** Opening Supplied data block **
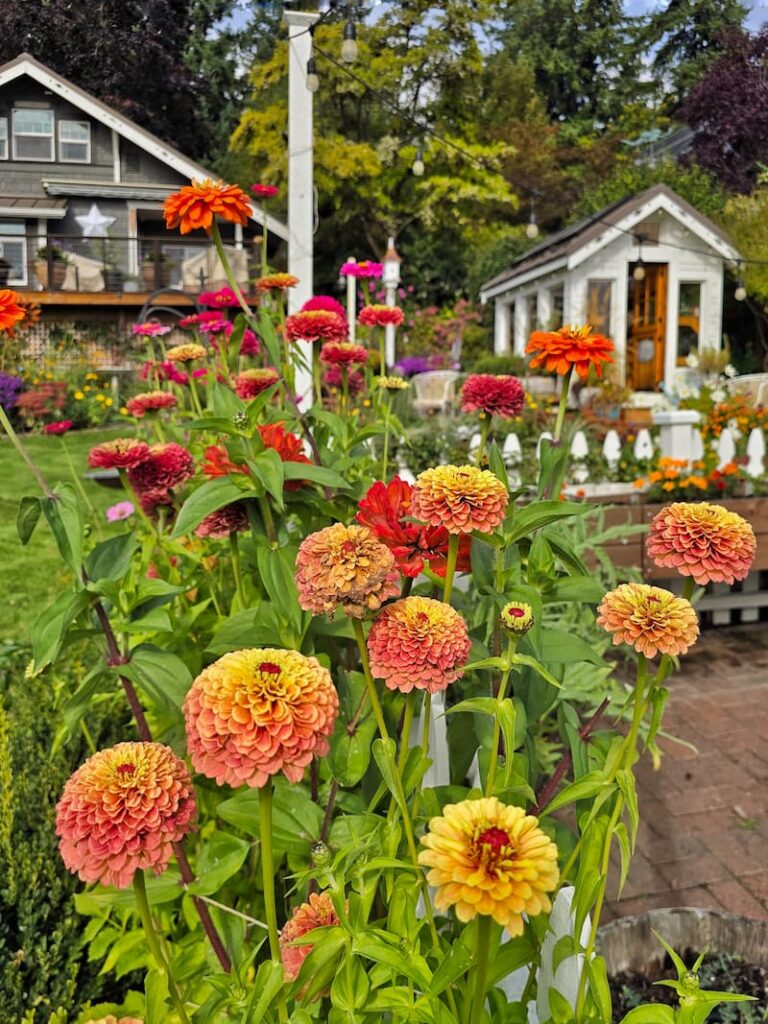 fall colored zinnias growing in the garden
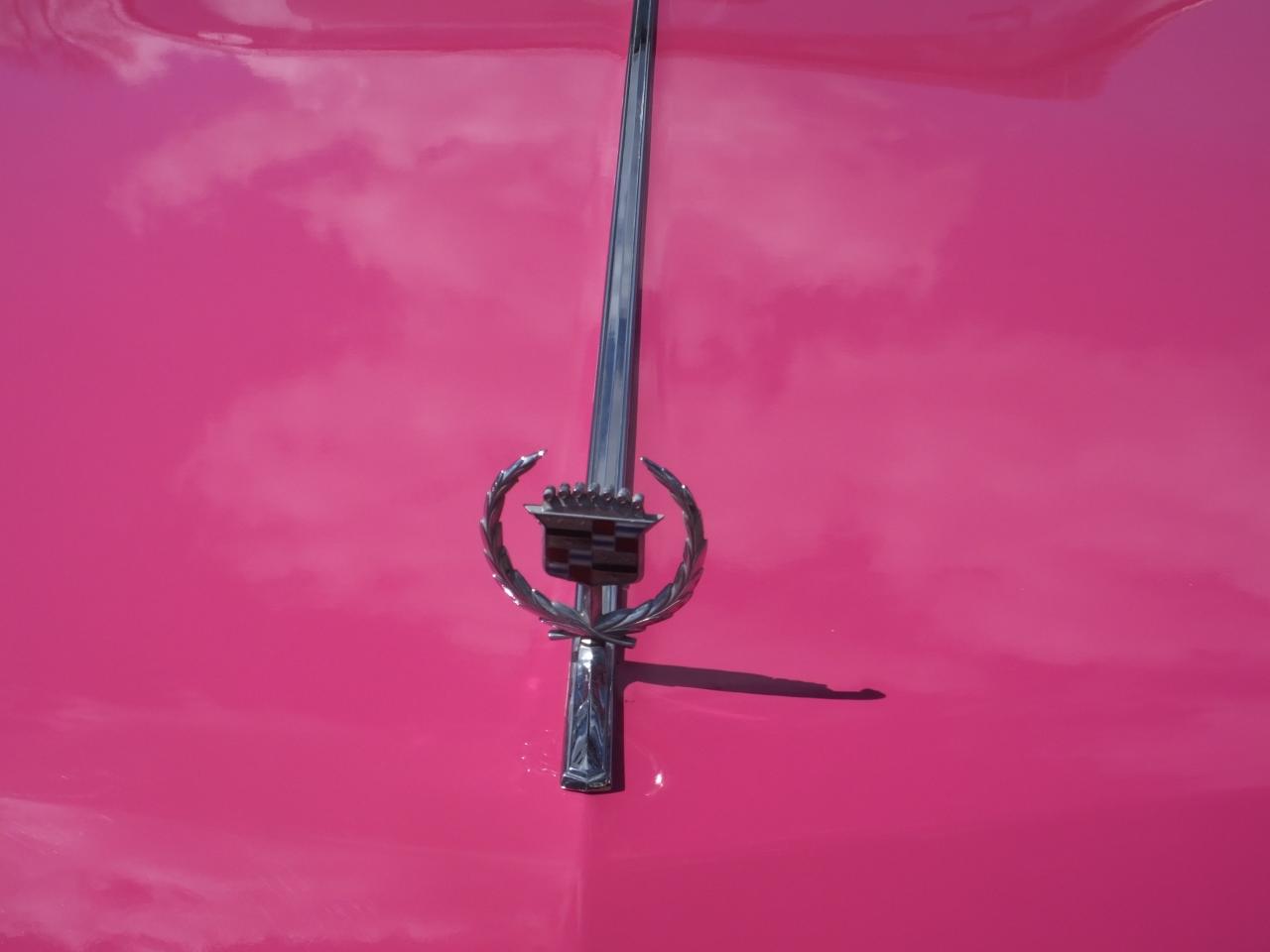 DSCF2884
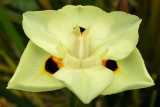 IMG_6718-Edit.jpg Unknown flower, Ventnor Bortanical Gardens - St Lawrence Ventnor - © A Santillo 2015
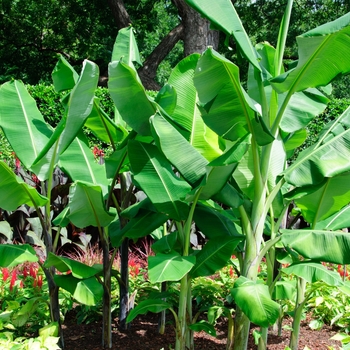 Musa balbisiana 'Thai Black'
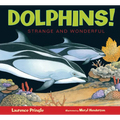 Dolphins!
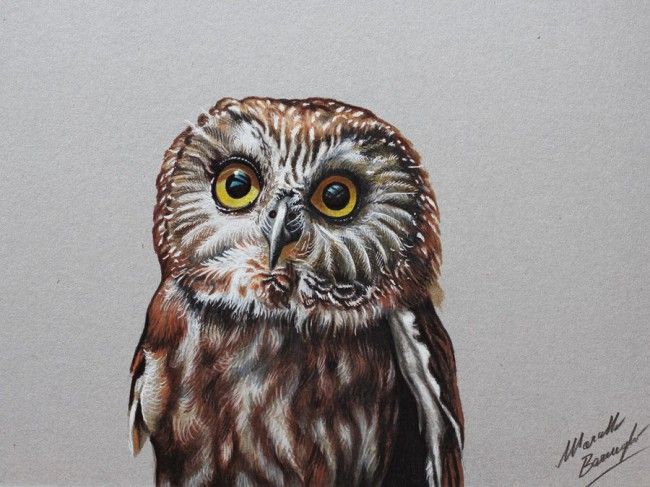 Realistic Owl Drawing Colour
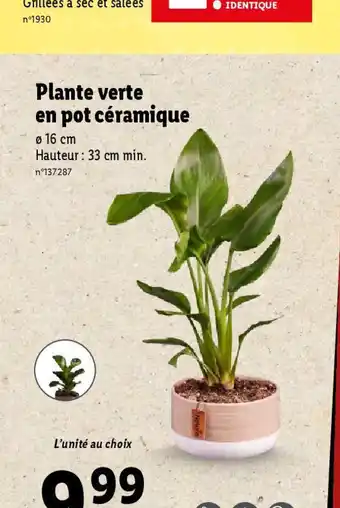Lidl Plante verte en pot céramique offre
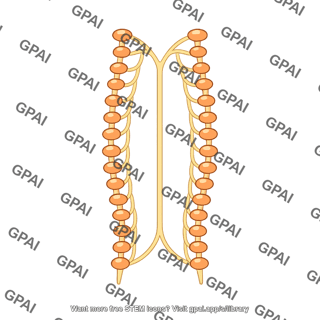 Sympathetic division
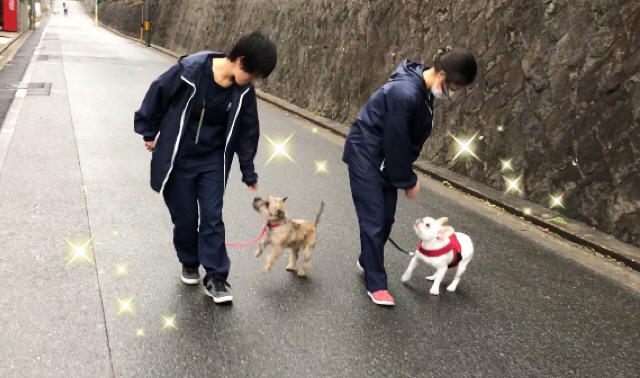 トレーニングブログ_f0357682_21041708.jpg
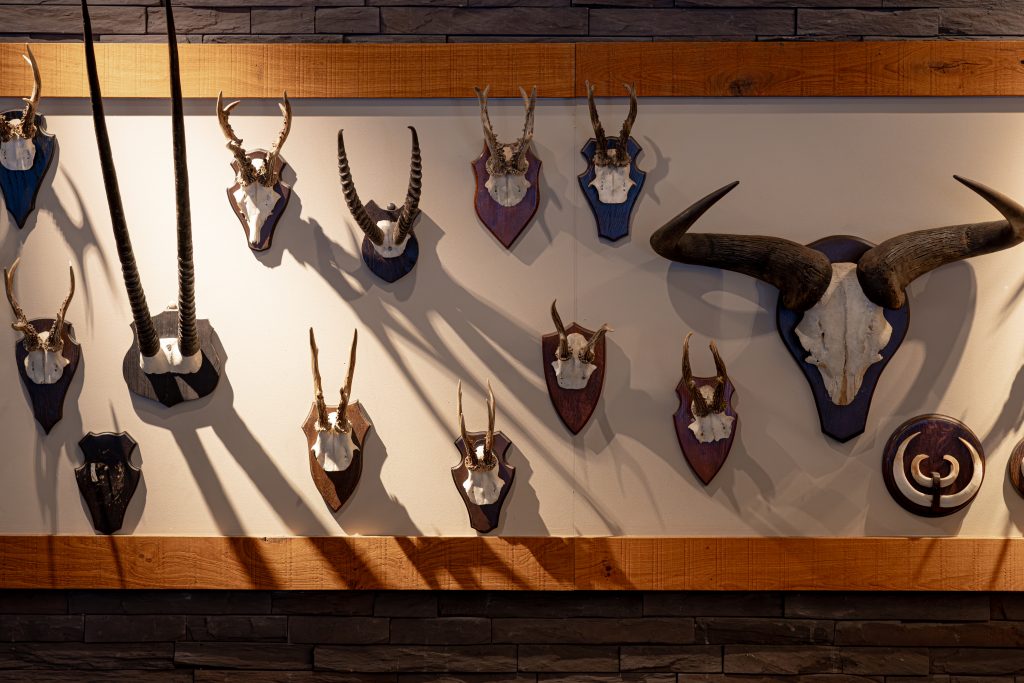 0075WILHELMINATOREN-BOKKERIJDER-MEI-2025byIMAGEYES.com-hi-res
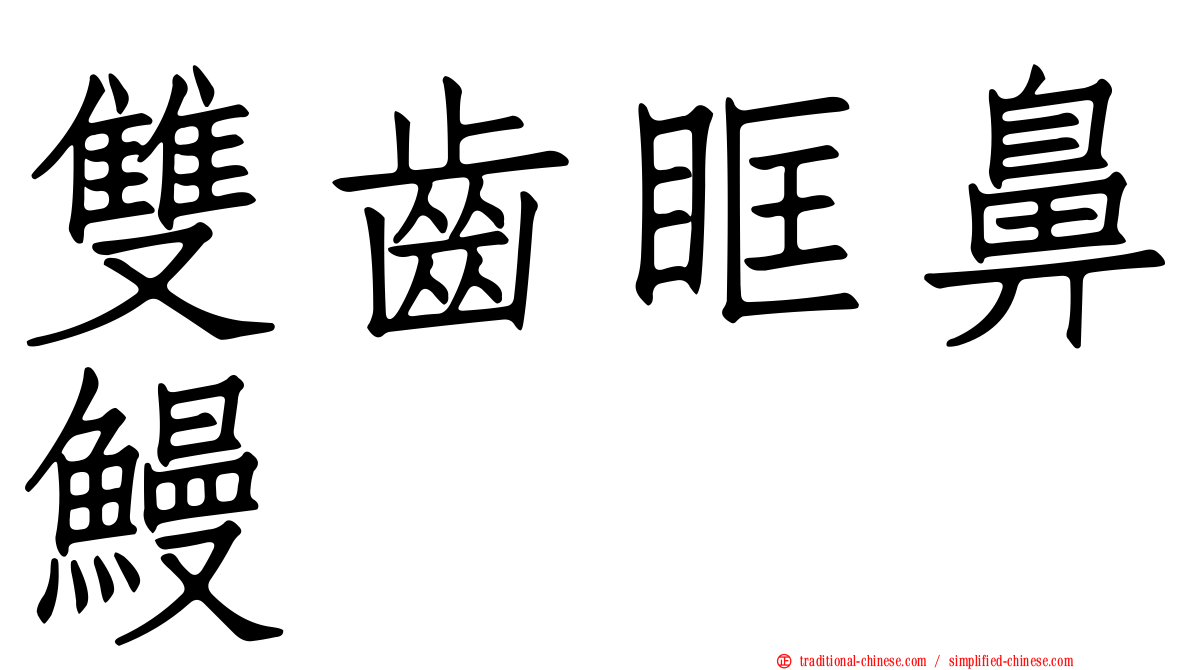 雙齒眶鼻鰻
** Closing Supplied data block **
** Opening Supplied data block **
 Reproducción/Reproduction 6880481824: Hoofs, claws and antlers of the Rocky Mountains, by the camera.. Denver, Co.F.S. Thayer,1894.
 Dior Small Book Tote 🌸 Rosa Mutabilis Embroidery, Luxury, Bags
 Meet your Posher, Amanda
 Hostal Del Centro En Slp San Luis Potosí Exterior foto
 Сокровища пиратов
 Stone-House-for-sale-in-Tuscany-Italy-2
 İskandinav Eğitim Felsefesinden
** Closing Supplied data block **
## Exercise goal
Out of the listing above, reproduce exactly the lines from the one with "Reproducción/Reproduction 6880481824: Hoofs, claws" up to and including the one with "İskandinav Eğitim Felsefesinden".

## Answer to this problem
 Reproducción/Reproduction 6880481824: Hoofs, claws and antlers of the Rocky Mountains, by the camera.. Denver, Co.F.S. Thayer,1894.
 Dior Small Book Tote 🌸 Rosa Mutabilis Embroidery, Luxury, Bags
 Meet your Posher, Amanda
 Hostal Del Centro En Slp San Luis Potosí Exterior foto
 Сокровища пиратов
 Stone-House-for-sale-in-Tuscany-Italy-2
 İskandinav Eğitim Felsefesinden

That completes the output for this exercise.